The formula used for calculating each party’s share of the National Assembly seats is fine and the same can be said about South Africa having no formal electoral threshold. These two features – in combination with the size of the National Assembly – combine to make the National Assembly the most proportional parliament in the world, as measured by the very reliable and useful index developed by the Irishman Michael Gallagher.
This implies that any discussion about what is meant by the expression “in general proportional representation” in the Constitution is strange, as it is obvious that the National Assembly is more proportional than what we see in other PR systems. This also implies that the current PR electoral system can be changed, at least somewhat, without any risk of violating the Constitution.
Some change of the current electoral system is, however, seriously needed – not because the system is poor, but because South Africa has changed since 1994. The system, in other words the closed-list system, with 200 seats allocated in the nine provinces and 200 seats used as compensatory seats to reach full proportionality, was probably what was best in 1994, at the system’s inception.
But the political development since then has made many call for a system that makes it easier – some would even say possible – to hold parliamentarians more to account than is now the case. I agree with those who feel that way.
I had the honour of serving, as the only non-South African, on the van Zyl Slabbert Commission in 2002-2003. Our task was to develop an electoral system that was still compatible with the Constitution, of course, but that also introduced some element of accountability.
Our majority proposal suggested a number of multi-member constituencies – all in all 60-some such constituencies, with from three to seven parliamentarians elected in each of them, also by a PR system, so that local voters would be represented in proportion to the local strength of their parties. That would allow the current 200+200 system to be changed to a 300+100 system, with 300 seats allocated to the new and smaller MMCs, while 100 compensatory seats should definitely be enough to ensure that “in general proportional representation” could still be easily achieved.
Such small constituencies would allow a much closer relationship between represented and representatives than is now the case – or to put it differently: increase the level of accountability, especially when preferential voting would eventually be introduced. We did not propose preferential voting from day one, but we suggested a change from closed to open lists at some later point in time, above all, to allow a strong element of accountability to enter into the relationship between voters and representatives.

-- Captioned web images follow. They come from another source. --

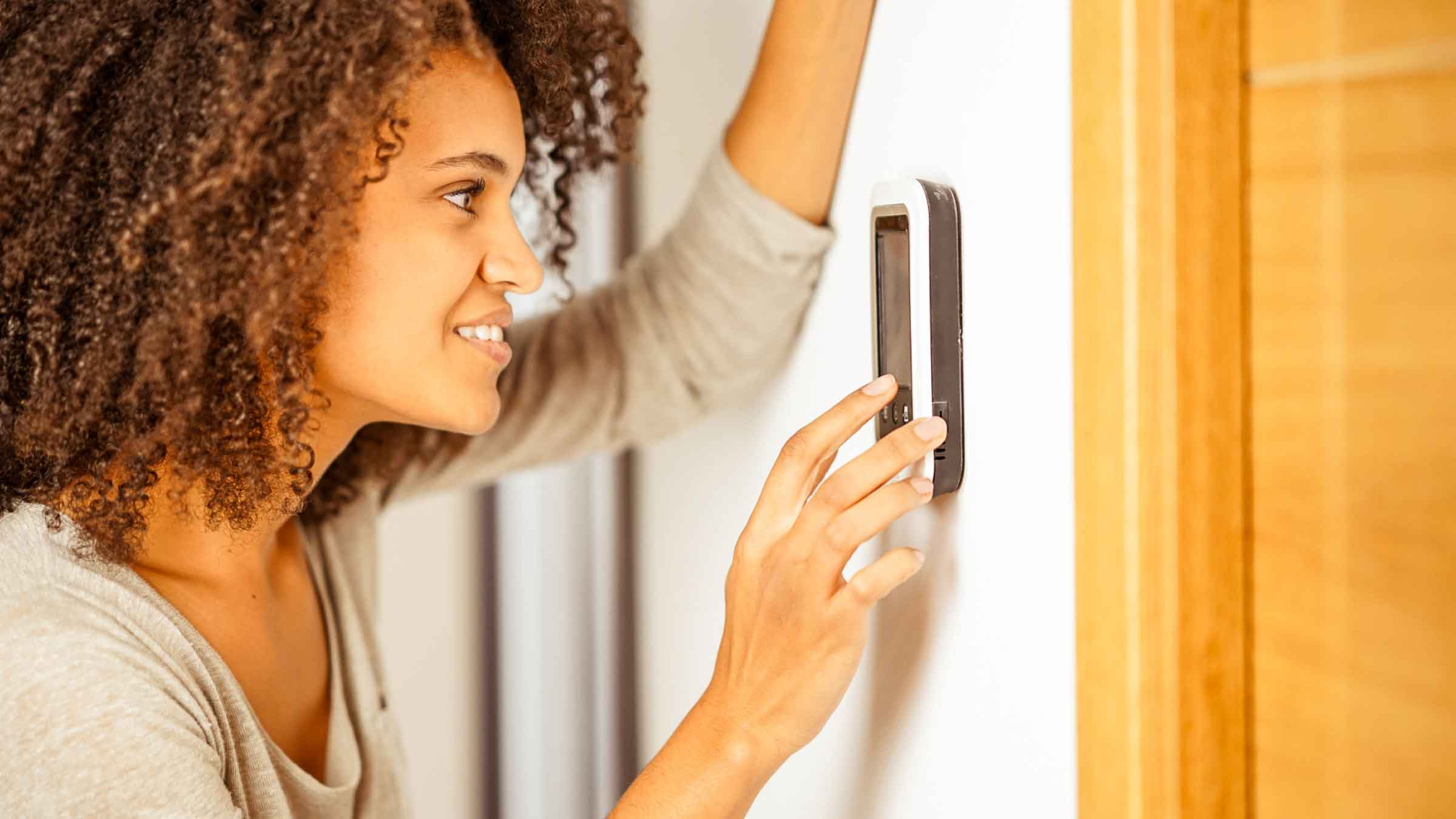 Woman leans against wall with her left arm and adjusts a smart home device with her right hand.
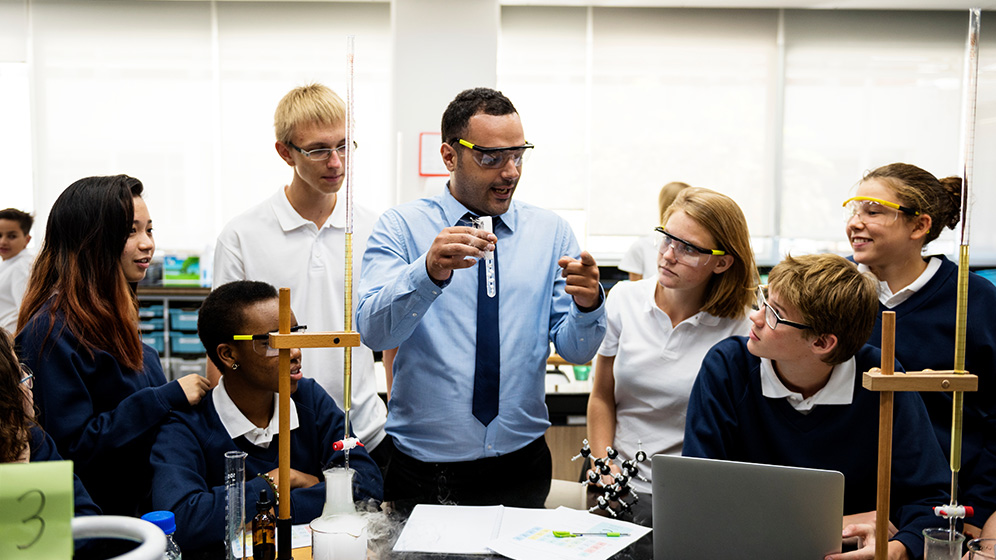 Teacher showing an experiment in a science lesson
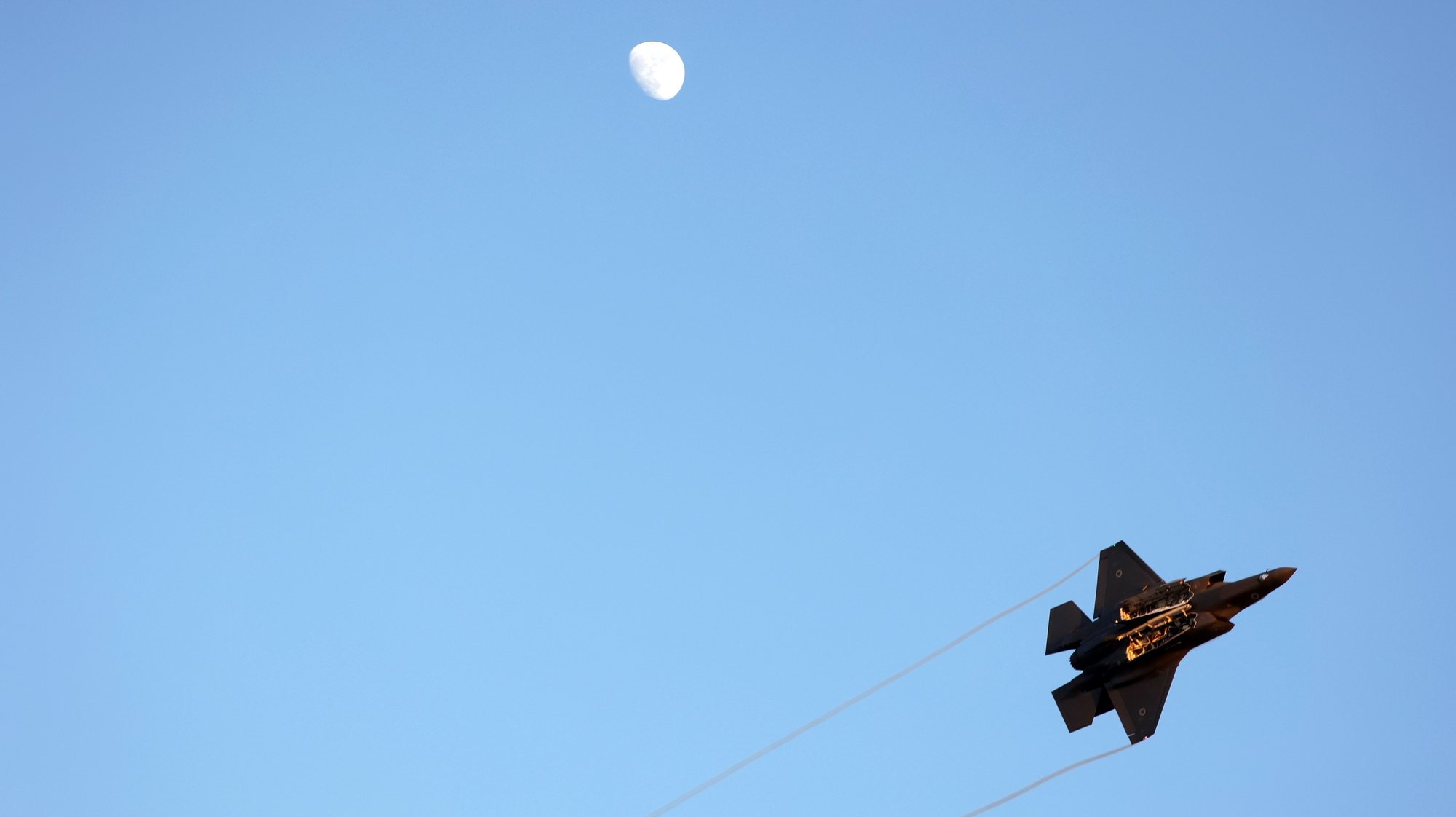 epa10717822 Israeli Air Force F-35  fighter aircraft flies next to the moon during an air show at the graduation ceremony of new combat fighter pilots of the Israeli Air Forces at the Hatzerim Air Force base, outside Beersheva, in southern Israel, 29 June 2023.  EPA/ABIR SULTAN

Our majority proposal had many qualities, but it was probably never considered seriously by the Cabinet, and therefore South Africa still uses the electoral system implemented in 1994.

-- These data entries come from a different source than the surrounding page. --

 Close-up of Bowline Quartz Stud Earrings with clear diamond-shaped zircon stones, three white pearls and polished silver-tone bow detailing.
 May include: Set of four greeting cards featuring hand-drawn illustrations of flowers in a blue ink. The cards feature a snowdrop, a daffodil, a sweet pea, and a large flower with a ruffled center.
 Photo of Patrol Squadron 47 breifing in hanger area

We all know that the system does not allow independent candidates and that the Constitutional Court (CC) eventually had to consider the constitutionality of this fact – when the Constitution entitles all adult South Africans to stand for election to public office if they so wish, which is also one of Dahl’s seven conditions for a political democracy.
There has always been this incompatibility between the Constitution and the Electoral Act, so the CC judgement in June 2020 did not surprise me. It actually pleased me. What has surprised me, however, is that the National Assembly has been so slow to act.
And it has now even been necessary to apply for a further extension of the time frame for finalising the Electoral Amendment Bill, as more public consultations are suddenly needed. Will Parliament have completed the job in February 2023, or will it take even longer?
Various groups, civil society organisations, and even individuals have both studied the options and also presented a number of ways in which independent candidates could stand for election and thus comply with the views of the Constitutional Court.
The proposal presented in early 2022 by the Inclusive Society Institute is well worth considering, as it creates space for independent candidates, but not really at the expense of the established political parties. The only real change from the current system is that the number of lower-tier constituencies – which are now the nine provinces – will change to 66 smaller multi-member constituencies (MMCs), following already existing administrative borders.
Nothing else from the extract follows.